▶ _Exercise instructions_
Set down the records below in full, exactly as they read.
#### Exercise materials ####
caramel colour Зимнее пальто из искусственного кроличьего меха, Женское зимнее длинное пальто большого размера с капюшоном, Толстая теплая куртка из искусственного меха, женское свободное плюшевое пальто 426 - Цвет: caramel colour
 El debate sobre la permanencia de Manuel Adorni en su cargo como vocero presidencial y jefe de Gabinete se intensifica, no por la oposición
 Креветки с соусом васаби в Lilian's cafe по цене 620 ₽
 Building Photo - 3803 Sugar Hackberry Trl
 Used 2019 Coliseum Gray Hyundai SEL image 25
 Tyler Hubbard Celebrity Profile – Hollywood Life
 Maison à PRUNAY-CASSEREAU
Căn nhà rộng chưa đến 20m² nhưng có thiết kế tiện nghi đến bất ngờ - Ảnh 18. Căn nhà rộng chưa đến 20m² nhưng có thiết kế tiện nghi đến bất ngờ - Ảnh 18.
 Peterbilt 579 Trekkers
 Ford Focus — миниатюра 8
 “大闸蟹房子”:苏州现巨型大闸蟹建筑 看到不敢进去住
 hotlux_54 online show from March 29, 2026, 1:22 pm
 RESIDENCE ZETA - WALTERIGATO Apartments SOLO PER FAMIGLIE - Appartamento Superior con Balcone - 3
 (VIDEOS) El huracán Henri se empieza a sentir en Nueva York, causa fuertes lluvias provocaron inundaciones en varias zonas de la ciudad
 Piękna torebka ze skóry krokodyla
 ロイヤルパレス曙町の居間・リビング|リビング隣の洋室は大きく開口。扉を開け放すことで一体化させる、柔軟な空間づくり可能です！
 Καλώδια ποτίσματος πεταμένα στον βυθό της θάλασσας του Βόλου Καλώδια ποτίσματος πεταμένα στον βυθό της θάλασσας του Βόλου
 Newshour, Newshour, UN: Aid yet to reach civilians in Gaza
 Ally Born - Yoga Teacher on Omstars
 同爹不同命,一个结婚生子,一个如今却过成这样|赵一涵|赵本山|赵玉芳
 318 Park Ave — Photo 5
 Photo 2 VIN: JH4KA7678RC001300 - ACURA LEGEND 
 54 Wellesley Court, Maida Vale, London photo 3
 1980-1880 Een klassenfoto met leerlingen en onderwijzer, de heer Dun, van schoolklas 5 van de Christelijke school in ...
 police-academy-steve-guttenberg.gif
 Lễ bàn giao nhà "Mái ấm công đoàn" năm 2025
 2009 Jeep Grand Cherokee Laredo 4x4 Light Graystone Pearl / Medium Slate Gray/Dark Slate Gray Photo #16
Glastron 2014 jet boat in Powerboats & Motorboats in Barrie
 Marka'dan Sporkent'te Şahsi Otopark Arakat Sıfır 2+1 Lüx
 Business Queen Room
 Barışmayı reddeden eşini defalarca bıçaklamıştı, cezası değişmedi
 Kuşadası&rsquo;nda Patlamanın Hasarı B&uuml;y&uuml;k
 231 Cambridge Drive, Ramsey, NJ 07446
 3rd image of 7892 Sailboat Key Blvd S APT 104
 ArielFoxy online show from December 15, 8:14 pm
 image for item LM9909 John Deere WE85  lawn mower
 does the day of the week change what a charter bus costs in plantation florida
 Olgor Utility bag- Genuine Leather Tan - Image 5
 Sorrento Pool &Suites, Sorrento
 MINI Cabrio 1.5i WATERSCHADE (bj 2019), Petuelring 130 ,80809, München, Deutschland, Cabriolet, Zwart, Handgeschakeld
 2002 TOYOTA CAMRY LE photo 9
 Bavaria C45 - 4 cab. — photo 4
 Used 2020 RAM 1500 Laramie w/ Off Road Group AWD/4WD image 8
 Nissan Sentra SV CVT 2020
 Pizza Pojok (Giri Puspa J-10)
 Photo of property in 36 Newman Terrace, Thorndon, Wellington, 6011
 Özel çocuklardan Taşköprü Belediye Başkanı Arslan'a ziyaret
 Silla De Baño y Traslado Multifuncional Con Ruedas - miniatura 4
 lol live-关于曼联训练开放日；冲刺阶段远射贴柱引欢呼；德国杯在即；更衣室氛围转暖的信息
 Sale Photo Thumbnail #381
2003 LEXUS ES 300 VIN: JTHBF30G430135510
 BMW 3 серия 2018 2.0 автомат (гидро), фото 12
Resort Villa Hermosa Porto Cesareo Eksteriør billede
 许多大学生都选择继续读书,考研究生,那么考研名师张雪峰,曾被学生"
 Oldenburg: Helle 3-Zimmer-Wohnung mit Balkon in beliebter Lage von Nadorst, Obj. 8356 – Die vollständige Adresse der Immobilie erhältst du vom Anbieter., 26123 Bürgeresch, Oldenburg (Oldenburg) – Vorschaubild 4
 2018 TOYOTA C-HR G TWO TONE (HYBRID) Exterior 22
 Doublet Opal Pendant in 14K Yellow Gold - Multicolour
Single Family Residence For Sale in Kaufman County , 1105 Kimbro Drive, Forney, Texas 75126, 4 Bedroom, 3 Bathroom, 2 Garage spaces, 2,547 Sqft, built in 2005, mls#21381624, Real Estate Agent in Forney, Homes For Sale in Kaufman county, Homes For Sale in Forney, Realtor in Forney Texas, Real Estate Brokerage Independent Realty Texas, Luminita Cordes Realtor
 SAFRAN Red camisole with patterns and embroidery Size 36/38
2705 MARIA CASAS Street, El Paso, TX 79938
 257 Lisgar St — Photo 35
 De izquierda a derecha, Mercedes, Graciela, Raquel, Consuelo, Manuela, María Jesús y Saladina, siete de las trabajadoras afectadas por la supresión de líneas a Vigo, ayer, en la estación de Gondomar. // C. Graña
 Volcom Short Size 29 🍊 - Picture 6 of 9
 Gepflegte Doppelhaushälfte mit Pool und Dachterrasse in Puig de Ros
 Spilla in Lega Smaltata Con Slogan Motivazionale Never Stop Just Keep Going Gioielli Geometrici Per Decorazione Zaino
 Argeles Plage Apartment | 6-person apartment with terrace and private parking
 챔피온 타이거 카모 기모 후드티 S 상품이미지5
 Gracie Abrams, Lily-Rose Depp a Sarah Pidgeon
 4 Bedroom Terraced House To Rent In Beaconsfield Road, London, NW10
####
▶ _Expected answer_
caramel colour Зимнее пальто из искусственного кроличьего меха, Женское зимнее длинное пальто большого размера с капюшоном, Толстая теплая куртка из искусственного меха, женское свободное плюшевое пальто 426 - Цвет: caramel colour
 El debate sobre la permanencia de Manuel Adorni en su cargo como vocero presidencial y jefe de Gabinete se intensifica, no por la oposición
 Креветки с соусом васаби в Lilian's cafe по цене 620 ₽
 Building Photo - 3803 Sugar Hackberry Trl
 Used 2019 Coliseum Gray Hyundai SEL image 25
 Tyler Hubbard Celebrity Profile – Hollywood Life
 Maison à PRUNAY-CASSEREAU
Căn nhà rộng chưa đến 20m² nhưng có thiết kế tiện nghi đến bất ngờ - Ảnh 18. Căn nhà rộng chưa đến 20m² nhưng có thiết kế tiện nghi đến bất ngờ - Ảnh 18.
 Peterbilt 579 Trekkers
 Ford Focus — миниатюра 8
 “大闸蟹房子”:苏州现巨型大闸蟹建筑 看到不敢进去住
 hotlux_54 online show from March 29, 2026, 1:22 pm
 RESIDENCE ZETA - WALTERIGATO Apartments SOLO PER FAMIGLIE - Appartamento Superior con Balcone - 3
 (VIDEOS) El huracán Henri se empieza a sentir en Nueva York, causa fuertes lluvias provocaron inundaciones en varias zonas de la ciudad
 Piękna torebka ze skóry krokodyla
 ロイヤルパレス曙町の居間・リビング|リビング隣の洋室は大きく開口。扉を開け放すことで一体化させる、柔軟な空間づくり可能です！
 Καλώδια ποτίσματος πεταμένα στον βυθό της θάλασσας του Βόλου Καλώδια ποτίσματος πεταμένα στον βυθό της θάλασσας του Βόλου
 Newshour, Newshour, UN: Aid yet to reach civilians in Gaza
 Ally Born - Yoga Teacher on Omstars
 同爹不同命,一个结婚生子,一个如今却过成这样|赵一涵|赵本山|赵玉芳
 318 Park Ave — Photo 5
 Photo 2 VIN: JH4KA7678RC001300 - ACURA LEGEND 
 54 Wellesley Court, Maida Vale, London photo 3
 1980-1880 Een klassenfoto met leerlingen en onderwijzer, de heer Dun, van schoolklas 5 van de Christelijke school in ...
 police-academy-steve-guttenberg.gif
 Lễ bàn giao nhà "Mái ấm công đoàn" năm 2025
 2009 Jeep Grand Cherokee Laredo 4x4 Light Graystone Pearl / Medium Slate Gray/Dark Slate Gray Photo #16
Glastron 2014 jet boat in Powerboats & Motorboats in Barrie
 Marka'dan Sporkent'te Şahsi Otopark Arakat Sıfır 2+1 Lüx
 Business Queen Room
 Barışmayı reddeden eşini defalarca bıçaklamıştı, cezası değişmedi
 Kuşadası&rsquo;nda Patlamanın Hasarı B&uuml;y&uuml;k
 231 Cambridge Drive, Ramsey, NJ 07446
 3rd image of 7892 Sailboat Key Blvd S APT 104
 ArielFoxy online show from December 15, 8:14 pm
 image for item LM9909 John Deere WE85  lawn mower
 does the day of the week change what a charter bus costs in plantation florida
 Olgor Utility bag- Genuine Leather Tan - Image 5
 Sorrento Pool &Suites, Sorrento
 MINI Cabrio 1.5i WATERSCHADE (bj 2019), Petuelring 130 ,80809, München, Deutschland, Cabriolet, Zwart, Handgeschakeld
 2002 TOYOTA CAMRY LE photo 9
 Bavaria C45 - 4 cab. — photo 4
 Used 2020 RAM 1500 Laramie w/ Off Road Group AWD/4WD image 8
 Nissan Sentra SV CVT 2020
 Pizza Pojok (Giri Puspa J-10)
 Photo of property in 36 Newman Terrace, Thorndon, Wellington, 6011
 Özel çocuklardan Taşköprü Belediye Başkanı Arslan'a ziyaret
 Silla De Baño y Traslado Multifuncional Con Ruedas - miniatura 4
 lol live-关于曼联训练开放日；冲刺阶段远射贴柱引欢呼；德国杯在即；更衣室氛围转暖的信息
 Sale Photo Thumbnail #381
2003 LEXUS ES 300 VIN: JTHBF30G430135510
 BMW 3 серия 2018 2.0 автомат (гидро), фото 12
Resort Villa Hermosa Porto Cesareo Eksteriør billede
 许多大学生都选择继续读书,考研究生,那么考研名师张雪峰,曾被学生"
 Oldenburg: Helle 3-Zimmer-Wohnung mit Balkon in beliebter Lage von Nadorst, Obj. 8356 – Die vollständige Adresse der Immobilie erhältst du vom Anbieter., 26123 Bürgeresch, Oldenburg (Oldenburg) – Vorschaubild 4
 2018 TOYOTA C-HR G TWO TONE (HYBRID) Exterior 22
 Doublet Opal Pendant in 14K Yellow Gold - Multicolour
Single Family Residence For Sale in Kaufman County , 1105 Kimbro Drive, Forney, Texas 75126, 4 Bedroom, 3 Bathroom, 2 Garage spaces, 2,547 Sqft, built in 2005, mls#21381624, Real Estate Agent in Forney, Homes For Sale in Kaufman county, Homes For Sale in Forney, Realtor in Forney Texas, Real Estate Brokerage Independent Realty Texas, Luminita Cordes Realtor
 SAFRAN Red camisole with patterns and embroidery Size 36/38
2705 MARIA CASAS Street, El Paso, TX 79938
 257 Lisgar St — Photo 35
 De izquierda a derecha, Mercedes, Graciela, Raquel, Consuelo, Manuela, María Jesús y Saladina, siete de las trabajadoras afectadas por la supresión de líneas a Vigo, ayer, en la estación de Gondomar. // C. Graña
 Volcom Short Size 29 🍊 - Picture 6 of 9
 Gepflegte Doppelhaushälfte mit Pool und Dachterrasse in Puig de Ros
 Spilla in Lega Smaltata Con Slogan Motivazionale Never Stop Just Keep Going Gioielli Geometrici Per Decorazione Zaino
 Argeles Plage Apartment | 6-person apartment with terrace and private parking
 챔피온 타이거 카모 기모 후드티 S 상품이미지5
 Gracie Abrams, Lily-Rose Depp a Sarah Pidgeon
 4 Bedroom Terraced House To Rent In Beaconsfield Road, London, NW10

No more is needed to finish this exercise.